# [WORK INSTRUCTION]
Output the entries in full and verbatim, pictures omitted.

# [RECORD SET]
===

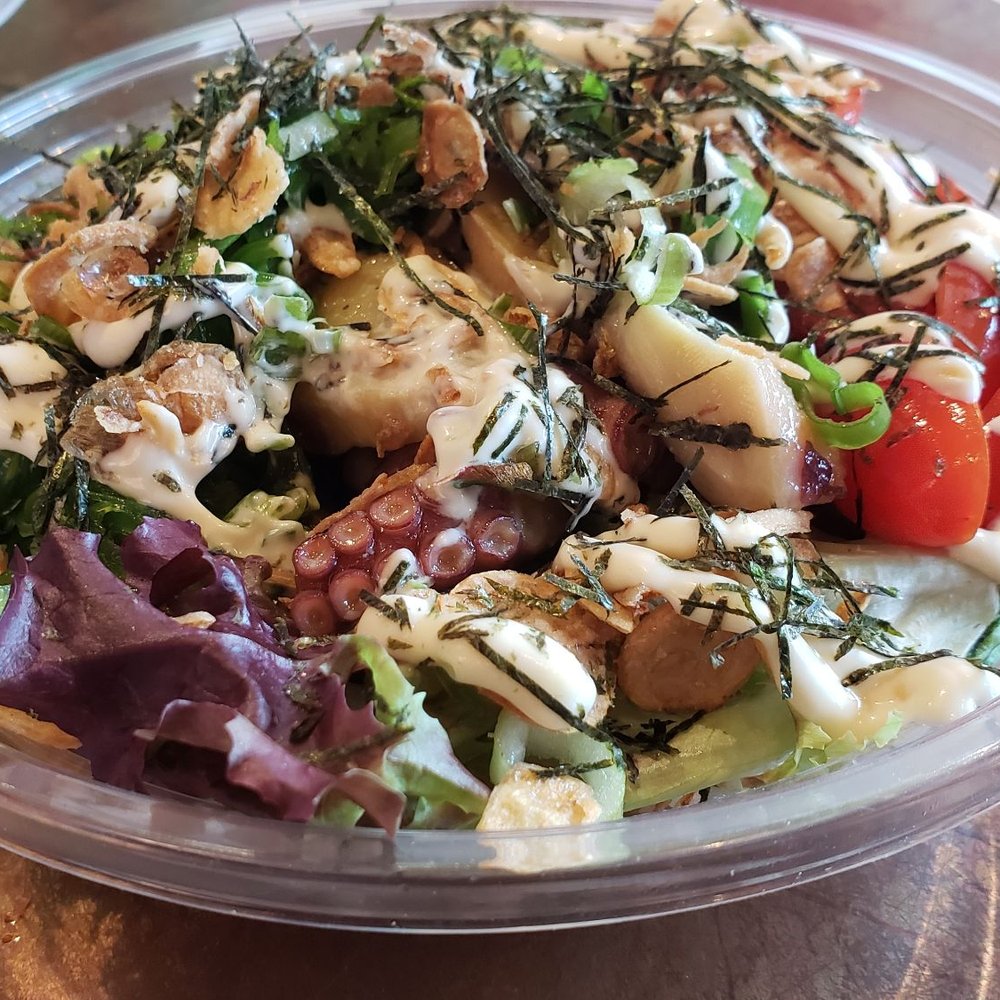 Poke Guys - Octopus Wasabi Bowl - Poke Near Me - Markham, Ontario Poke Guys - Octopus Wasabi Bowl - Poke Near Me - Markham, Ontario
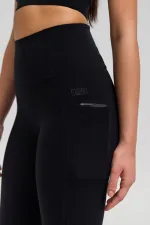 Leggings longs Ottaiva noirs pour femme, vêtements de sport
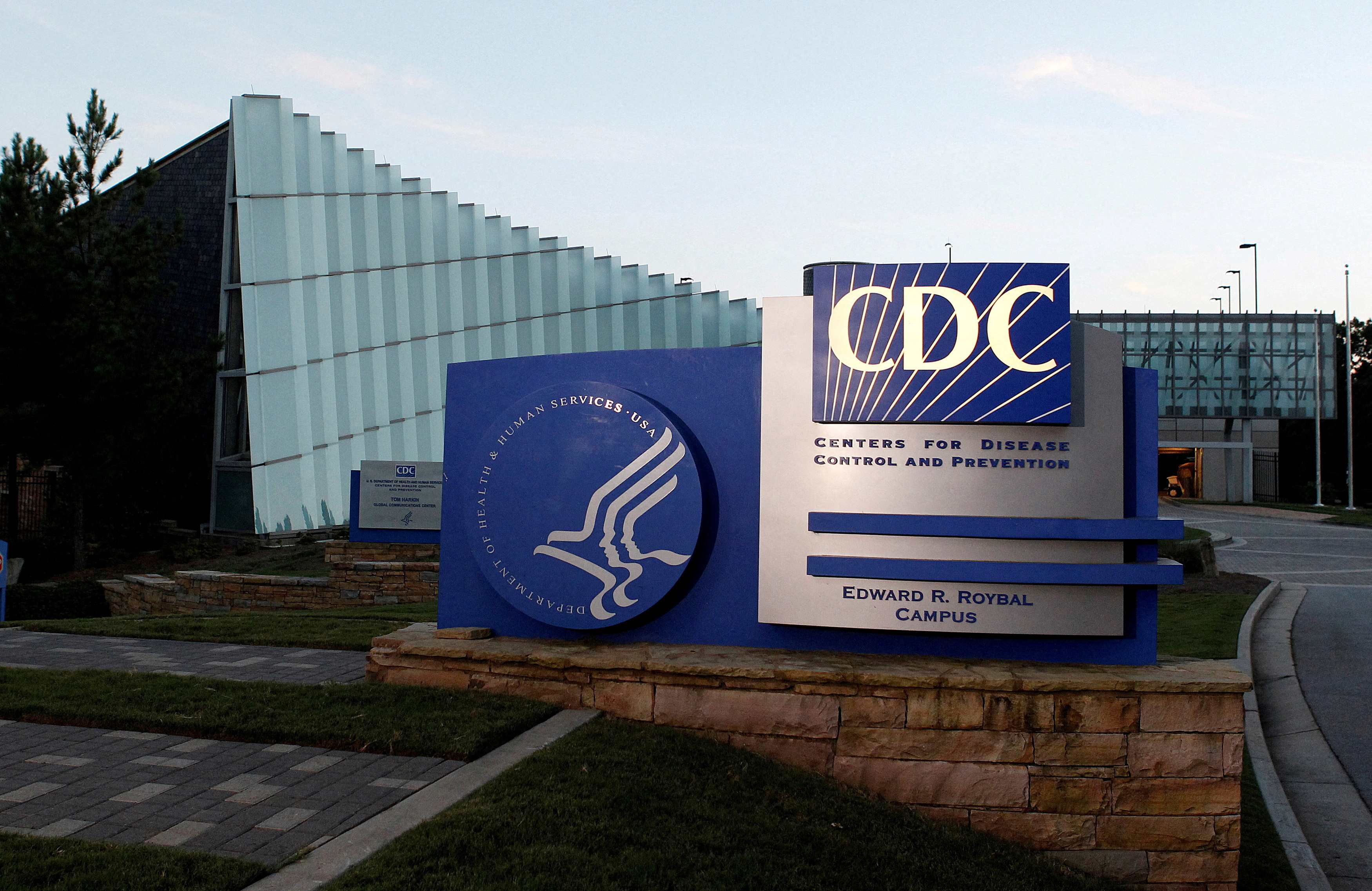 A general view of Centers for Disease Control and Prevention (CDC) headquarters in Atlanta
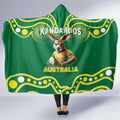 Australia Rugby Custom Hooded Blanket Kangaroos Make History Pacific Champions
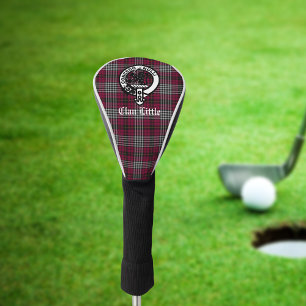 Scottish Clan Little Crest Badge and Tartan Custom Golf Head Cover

===

# [YOUR SOLUTION]
 Poke Guys - Octopus Wasabi Bowl - Poke Near Me - Markham, Ontario Poke Guys - Octopus Wasabi Bowl - Poke Near Me - Markham, Ontario
 Leggings longs Ottaiva noirs pour femme, vêtements de sport
 A general view of Centers for Disease Control and Prevention (CDC) headquarters in Atlanta
 Australia Rugby Custom Hooded Blanket Kangaroos Make History Pacific Champions
 Scottish Clan Little Crest Badge and Tartan Custom Golf Head Cover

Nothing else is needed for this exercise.